Kicking things off, we've got RPGs, and fans of meaty, stat-packed adventures are spoiled for choice with Game Pass. As a bonus, all of these will help towards our inaugural set of TA Targets — the RPG and daily unlock ones should be fine, but you might want to look elsewhere for your completions. These things tend to be pretty massive!

Xbox Game Pass: Best RPGs

Yakuza: Like a Dragon

The action-packed combat of the Yakuza series never felt to me like it would translate especially well when the shift to turn-based battles for Like a Dragon was first announced, but man, did the team manage to prove me wrong. Yakuza: Like a Dragon is an RPG about RPGs, with playful new protagonist Ichi seeing his world through the lens of the classic 8-bit JRPGs he loves so dearly. In his mind, he's the world-saving hero, and his allies powerful wizards and warriors to help him do battle against the evil forces sweeping Yokohama. From gang members to violent drunks, these 'monsters' — literally, as Ichi sees them — are tackled with traditional JRPG-style turn-based combat, albeit more over-the-top than you might be used to in the genre. From using a mobile phone to call in 'summons' with wild animations to changing classes to use weaponised hostess abilities, Like a Dragon is anything but normal.

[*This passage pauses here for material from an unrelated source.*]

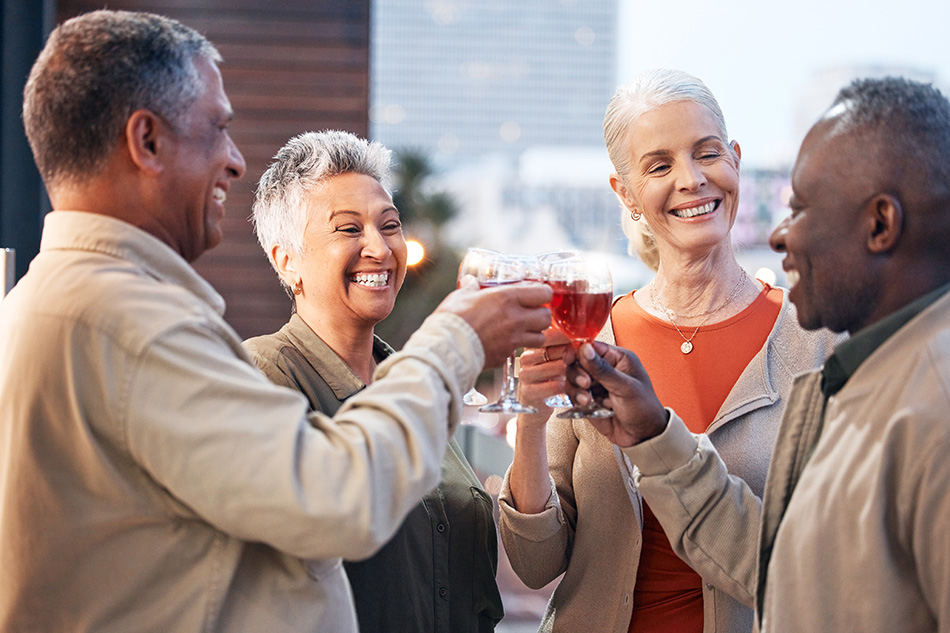 Group celebrating a birthday with wine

Like previous games, though, the latest mainline Yakuza title isn't afraid to go to some pretty heavy places, and it's amazing just how well it manages to strike a balance between serious beats and its madder moments without causing too much of a disconnect. It helps that the game is absolutely massive, so when you get into one of those hard-hitting scenes, the fact that you appointed a chicken as CEO of your new company is too distant a memory to interfere with its impact, and this tonal ebb and flow continues throughout this superb adventure to surprisingly solid effect. Yokohama isn't the biggest open world setting the series has known, but the slower nature of combat here compared to earlier games means that's not necessarily a bad thing, plus it feels densely packed with story and side content that will keep you going for hundreds of hours. If you're going after those Yakuza: Like a Dragon achievements, though, be prepared for a bit of a grind getting the final few ticked off...

Yakuza: Like a Dragon

Become Ichiban Kasuga, a low-ranking yakuza grunt left on the brink of death by the man he trusted most. Take up your legendary bat and get ready to crack some underworld skulls in dynamic RPG combat set against the backdrop of modern-day Japan in Yakuza: Like a Dragon.

Russian and Brazilian Portuguese subtitles available in early 2021 via patch update.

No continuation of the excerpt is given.